Thinking about 2018 with this question in mind is an interesting exercise. First, consider Nate Cohn's extensive analysis of the House districts in play as we move toward November. That battleground is quite a bit different than earlier conventional wisdom indicated it would be. Cohn:
"[The battleground is] not dominated by well-educated, suburban districts that voted for Hillary Clinton. Instead, the battleground is broad, and it includes a long list of working-class and rural districts that voted for Donald J. Trump in 2016....
The most vulnerable Republican-held districts are only somewhat better educated and somewhat more suburban than the country as a whole. They are broadly representative of non-urban America. They backed Mr. Trump for president. About 31 percent of residents have a college degree, slightly more than the national average (counting all those 18 and over).
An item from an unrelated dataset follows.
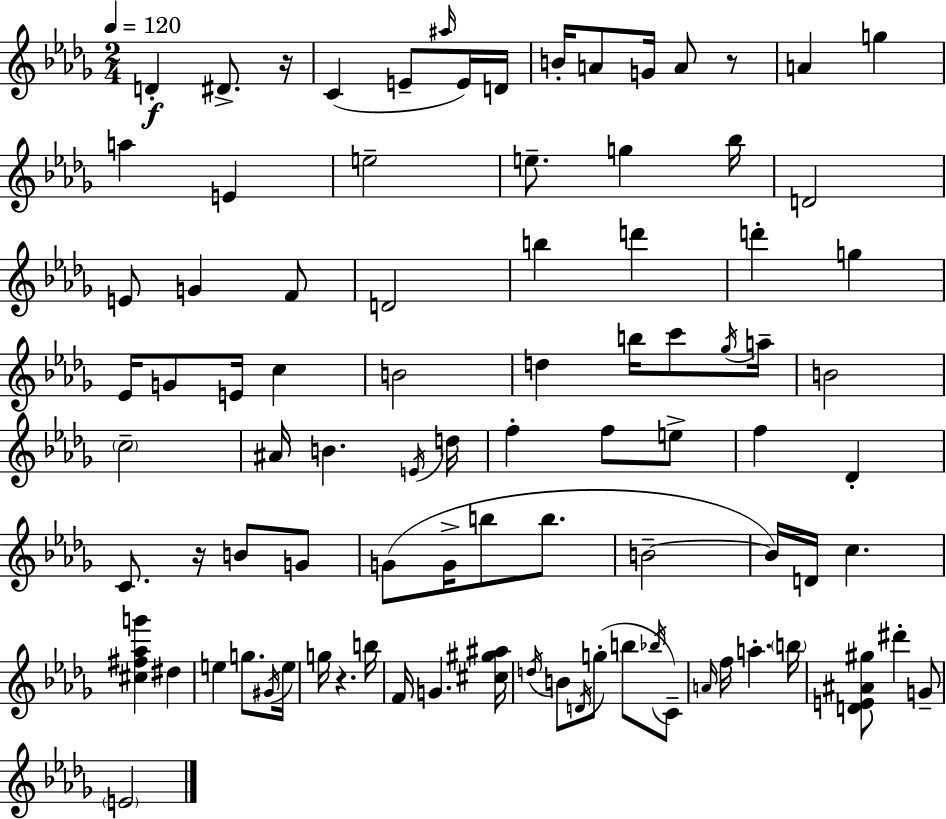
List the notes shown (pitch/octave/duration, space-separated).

D4/q D#4/e. R/s C4/q E4/e A#5/s E4/s D4/s B4/s A4/e G4/s A4/e R/e A4/q G5/q A5/q E4/q E5/h E5/e. G5/q Bb5/s D4/h E4/e G4/q F4/e D4/h B5/q D6/q D6/q G5/q Eb4/s G4/e E4/s C5/q B4/h D5/q B5/s C6/e Gb5/s A5/s B4/h C5/h A#4/s B4/q. E4/s D5/s F5/q F5/e E5/e F5/q Db4/q C4/e. R/s B4/e G4/e G4/e G4/s B5/e B5/e. B4/h B4/s D4/s C5/q. [C#5,F#5,Ab5,G6]/q D#5/q E5/q G5/e. G#4/s E5/s G5/s R/q. B5/s F4/s G4/q. [C#5,G#5,A#5]/s D5/s B4/e D4/s G5/e B5/e Bb5/s C4/e A4/s F5/s A5/q. B5/s [D4,E4,A#4,G#5]/e D#6/q G4/e E4/h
The sheer number of competitive districts is important in its own right. On paper it would be enough to make the Democrats fairly clear favorites, if one assumes Democrats would do as well in each category as the party out of power has done in recent wave elections. The Cook Political Report currently rates 60 Republican-held districts as either “lean Republican” or better for Democrats. That’s the sort of number that provides ample opportunities for Democrats to find the 23-seat gain they need."
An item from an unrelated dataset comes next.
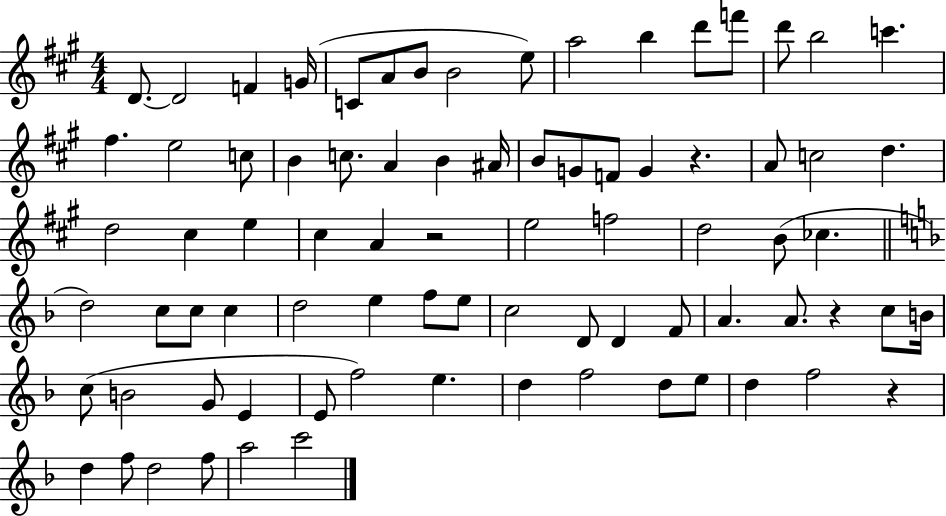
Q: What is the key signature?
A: A major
Huh. Maybe the white working class isn't as hopeless as many on the left seem to believe. And maybe the political geography we witnessed in 2016 is, in turn, not so immutable. Trump's re-making of the electoral map may have less staying power than Democrats fear (and Republicans fervently hope).
If so, why would that be? Political scientist David Hopkins, writing in his blog Honest Graft, has some ideas:
"If 2016 indeed represents the "new normal," than it would make sense for analysts to take a bearish view of Democratic chances in white, small-town congressional districts in the Midwest and elsewhere this year. But if 2016 was something of an aberration, and the Trump-Clinton vote does not fully reflect the relative fundamental strength of the two parties, then the map of electoral battlegrounds opens wider, and the fortunes of congressional Democrats improve accordingly.
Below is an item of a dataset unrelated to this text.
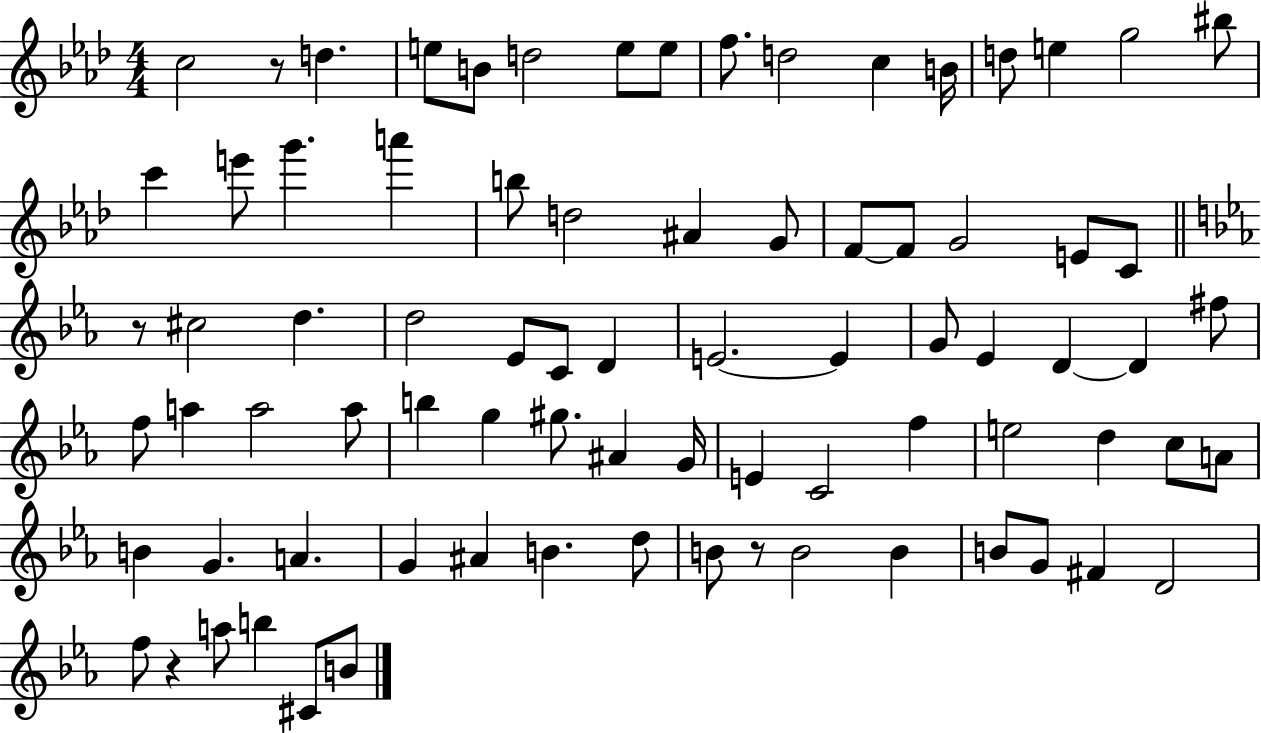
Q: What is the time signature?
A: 4/4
Midterm elections are always primarily a referendum on the president, and Trump has dominated the political scene so thoroughly since he took office that this rule of thumb is likely to be especially applicable to 2018. If the remarkable Republican strength in the rural Midwest in 2016 was primarily a reflection of Trump's personal popularity, we might expect it to carry over into 2018 unless a significant share of formerly-enthusiastic Trump supporters had become disillusioned in the interim. But if the abrupt partisan shift between 2012 and 2016 visible in the figure above was largely a reflection of Hillary Clinton's personal unpopularity with rural Midwesterners—as well as a Clinton campaign that eschewed economic issues to an unprecedented degree for a modern Democrat—we shouldn't be surprised by a significant Democratic rebound in the region this November, since Clinton will be neither on the ballot nor in the White House......
Many loyal Democrats will not easily accept the belief that the results in 2016 reflected a widespread popular antipathy to Hillary Clinton. And the surprising nature of Trump's victory has encouraged the view, even among his fiercest critics, that he maintains under-appreciated political strengths. But the more validity to the conclusion that Trump was a weak candidate who won a close and fluky election only because he was facing a seriously flawed opponent, the rosier the outlook becomes for Democrats this November."
Hmm. He could be on to something. Definitely something to keep in mind when the election results come in this November.